Nothing but the exact lines from the one containing "阿门压哨绝杀火箭生涯高光，18篮板创生涯新高" through the last line of the records below belongs in your answer.
[[ SOURCE DATA, beginning ]]
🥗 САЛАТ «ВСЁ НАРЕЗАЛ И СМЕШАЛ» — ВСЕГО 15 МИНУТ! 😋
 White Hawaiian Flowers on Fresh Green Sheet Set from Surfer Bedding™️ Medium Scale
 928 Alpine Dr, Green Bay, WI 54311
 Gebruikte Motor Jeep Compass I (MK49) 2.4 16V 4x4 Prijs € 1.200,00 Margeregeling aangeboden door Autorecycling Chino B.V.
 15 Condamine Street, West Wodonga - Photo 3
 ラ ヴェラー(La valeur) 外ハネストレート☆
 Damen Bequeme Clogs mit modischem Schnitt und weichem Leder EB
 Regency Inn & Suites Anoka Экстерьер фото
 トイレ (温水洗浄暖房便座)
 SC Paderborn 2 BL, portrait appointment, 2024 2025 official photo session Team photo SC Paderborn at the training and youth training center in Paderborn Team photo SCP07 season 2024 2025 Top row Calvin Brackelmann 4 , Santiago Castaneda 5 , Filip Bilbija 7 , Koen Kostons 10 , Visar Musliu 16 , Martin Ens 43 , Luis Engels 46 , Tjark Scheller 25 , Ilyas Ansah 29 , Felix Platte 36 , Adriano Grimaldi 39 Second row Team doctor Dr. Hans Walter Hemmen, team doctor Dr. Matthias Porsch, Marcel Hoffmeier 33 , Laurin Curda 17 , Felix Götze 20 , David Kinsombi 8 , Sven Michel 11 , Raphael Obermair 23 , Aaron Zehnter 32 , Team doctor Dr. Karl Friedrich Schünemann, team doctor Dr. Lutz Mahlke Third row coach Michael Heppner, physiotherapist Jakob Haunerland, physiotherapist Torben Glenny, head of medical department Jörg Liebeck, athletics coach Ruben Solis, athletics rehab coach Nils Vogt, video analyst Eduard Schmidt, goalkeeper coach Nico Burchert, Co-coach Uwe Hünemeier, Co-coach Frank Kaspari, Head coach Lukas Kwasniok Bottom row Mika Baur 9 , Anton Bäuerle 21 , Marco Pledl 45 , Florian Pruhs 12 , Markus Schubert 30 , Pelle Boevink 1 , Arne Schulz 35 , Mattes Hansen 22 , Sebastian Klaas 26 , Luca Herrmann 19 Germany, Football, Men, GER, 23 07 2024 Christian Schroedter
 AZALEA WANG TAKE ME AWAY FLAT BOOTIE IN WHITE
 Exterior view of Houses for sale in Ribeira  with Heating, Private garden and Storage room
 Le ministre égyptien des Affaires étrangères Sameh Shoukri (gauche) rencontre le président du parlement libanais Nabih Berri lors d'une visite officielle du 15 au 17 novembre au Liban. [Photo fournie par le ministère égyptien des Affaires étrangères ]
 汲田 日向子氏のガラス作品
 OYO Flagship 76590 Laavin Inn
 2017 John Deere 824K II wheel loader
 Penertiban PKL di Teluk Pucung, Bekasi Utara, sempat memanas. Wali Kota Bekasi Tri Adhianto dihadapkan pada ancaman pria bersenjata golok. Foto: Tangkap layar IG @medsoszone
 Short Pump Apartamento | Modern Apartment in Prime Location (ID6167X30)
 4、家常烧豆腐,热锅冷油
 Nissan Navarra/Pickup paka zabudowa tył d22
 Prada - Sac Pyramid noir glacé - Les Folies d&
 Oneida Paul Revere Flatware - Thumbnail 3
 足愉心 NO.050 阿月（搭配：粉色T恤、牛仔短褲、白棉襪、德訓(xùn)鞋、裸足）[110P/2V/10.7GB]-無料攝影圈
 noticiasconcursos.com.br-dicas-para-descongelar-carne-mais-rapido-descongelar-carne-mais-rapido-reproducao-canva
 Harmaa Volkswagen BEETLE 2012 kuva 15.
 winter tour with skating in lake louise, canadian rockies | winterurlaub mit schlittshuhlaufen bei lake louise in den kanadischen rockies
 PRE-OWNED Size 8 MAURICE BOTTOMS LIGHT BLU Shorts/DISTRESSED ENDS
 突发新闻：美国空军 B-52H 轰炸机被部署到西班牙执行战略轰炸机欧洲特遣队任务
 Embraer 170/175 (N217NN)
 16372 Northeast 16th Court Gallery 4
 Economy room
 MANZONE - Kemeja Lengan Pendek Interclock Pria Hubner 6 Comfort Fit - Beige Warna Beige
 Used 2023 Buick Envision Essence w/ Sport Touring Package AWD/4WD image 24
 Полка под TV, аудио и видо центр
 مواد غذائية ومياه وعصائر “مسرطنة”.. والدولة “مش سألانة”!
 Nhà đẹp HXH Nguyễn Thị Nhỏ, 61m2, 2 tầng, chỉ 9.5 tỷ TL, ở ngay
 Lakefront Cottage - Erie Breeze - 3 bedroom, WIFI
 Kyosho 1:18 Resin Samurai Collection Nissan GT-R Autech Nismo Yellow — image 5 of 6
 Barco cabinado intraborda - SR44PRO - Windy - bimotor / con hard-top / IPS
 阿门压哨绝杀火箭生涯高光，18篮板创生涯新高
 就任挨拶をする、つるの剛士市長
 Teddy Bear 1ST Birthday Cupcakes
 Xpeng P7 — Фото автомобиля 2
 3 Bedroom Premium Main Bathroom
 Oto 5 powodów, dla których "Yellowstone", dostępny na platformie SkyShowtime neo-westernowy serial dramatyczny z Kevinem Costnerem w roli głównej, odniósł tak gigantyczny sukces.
[[ SOURCE DATA, end ]]
→ OUTPUT FOR THIS TASK:
 阿门压哨绝杀火箭生涯高光，18篮板创生涯新高
 就任挨拶をする、つるの剛士市長
 Teddy Bear 1ST Birthday Cupcakes
 Xpeng P7 — Фото автомобиля 2
 3 Bedroom Premium Main Bathroom
 Oto 5 powodów, dla których "Yellowstone", dostępny na platformie SkyShowtime neo-westernowy serial dramatyczny z Kevinem Costnerem w roli głównej, odniósł tak gigantyczny sukces.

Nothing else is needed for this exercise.